==== EXCERPTED DATA
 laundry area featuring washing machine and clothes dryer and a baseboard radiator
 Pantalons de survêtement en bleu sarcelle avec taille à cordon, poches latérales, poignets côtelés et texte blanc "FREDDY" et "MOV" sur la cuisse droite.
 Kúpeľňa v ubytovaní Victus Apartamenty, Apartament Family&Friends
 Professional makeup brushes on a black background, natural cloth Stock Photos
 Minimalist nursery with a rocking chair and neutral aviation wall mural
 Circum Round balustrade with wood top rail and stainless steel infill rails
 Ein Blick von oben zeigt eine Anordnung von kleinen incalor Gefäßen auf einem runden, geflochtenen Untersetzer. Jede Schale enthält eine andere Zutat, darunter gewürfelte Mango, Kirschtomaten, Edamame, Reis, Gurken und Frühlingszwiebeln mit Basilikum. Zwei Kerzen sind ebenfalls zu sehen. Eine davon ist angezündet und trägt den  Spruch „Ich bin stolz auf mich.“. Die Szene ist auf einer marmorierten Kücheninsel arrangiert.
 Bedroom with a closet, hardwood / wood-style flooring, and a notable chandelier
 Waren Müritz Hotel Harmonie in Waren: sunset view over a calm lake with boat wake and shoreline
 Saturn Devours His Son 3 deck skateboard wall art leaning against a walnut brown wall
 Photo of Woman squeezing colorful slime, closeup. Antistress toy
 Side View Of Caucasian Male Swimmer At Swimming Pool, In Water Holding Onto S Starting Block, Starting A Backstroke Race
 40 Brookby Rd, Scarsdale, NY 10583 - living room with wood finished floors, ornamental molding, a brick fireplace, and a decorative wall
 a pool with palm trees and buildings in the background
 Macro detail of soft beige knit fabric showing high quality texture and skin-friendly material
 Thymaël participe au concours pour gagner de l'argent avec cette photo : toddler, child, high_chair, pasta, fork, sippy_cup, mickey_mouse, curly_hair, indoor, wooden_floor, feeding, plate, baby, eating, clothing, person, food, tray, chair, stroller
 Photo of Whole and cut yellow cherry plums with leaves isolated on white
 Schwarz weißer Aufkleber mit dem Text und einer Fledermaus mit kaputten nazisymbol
========
■ BRIEF ■
Output exactly, and only, the lines running from the one that contains "Minimalist nursery with" through the last line of the entries above.

■ RESULT FOR THIS TASK ■
 Minimalist nursery with a rocking chair and neutral aviation wall mural
 Circum Round balustrade with wood top rail and stainless steel infill rails
 Ein Blick von oben zeigt eine Anordnung von kleinen incalor Gefäßen auf einem runden, geflochtenen Untersetzer. Jede Schale enthält eine andere Zutat, darunter gewürfelte Mango, Kirschtomaten, Edamame, Reis, Gurken und Frühlingszwiebeln mit Basilikum. Zwei Kerzen sind ebenfalls zu sehen. Eine davon ist angezündet und trägt den  Spruch „Ich bin stolz auf mich.“. Die Szene ist auf einer marmorierten Kücheninsel arrangiert.
 Bedroom with a closet, hardwood / wood-style flooring, and a notable chandelier
 Waren Müritz Hotel Harmonie in Waren: sunset view over a calm lake with boat wake and shoreline
 Saturn Devours His Son 3 deck skateboard wall art leaning against a walnut brown wall
 Photo of Woman squeezing colorful slime, closeup. Antistress toy
 Side View Of Caucasian Male Swimmer At Swimming Pool, In Water Holding Onto S Starting Block, Starting A Backstroke Race
 40 Brookby Rd, Scarsdale, NY 10583 - living room with wood finished floors, ornamental molding, a brick fireplace, and a decorative wall
 a pool with palm trees and buildings in the background
 Macro detail of soft beige knit fabric showing high quality texture and skin-friendly material
 Thymaël participe au concours pour gagner de l'argent avec cette photo : toddler, child, high_chair, pasta, fork, sippy_cup, mickey_mouse, curly_hair, indoor, wooden_floor, feeding, plate, baby, eating, clothing, person, food, tray, chair, stroller
 Photo of Whole and cut yellow cherry plums with leaves isolated on white
 Schwarz weißer Aufkleber mit dem Text und einer Fledermaus mit kaputten nazisymbol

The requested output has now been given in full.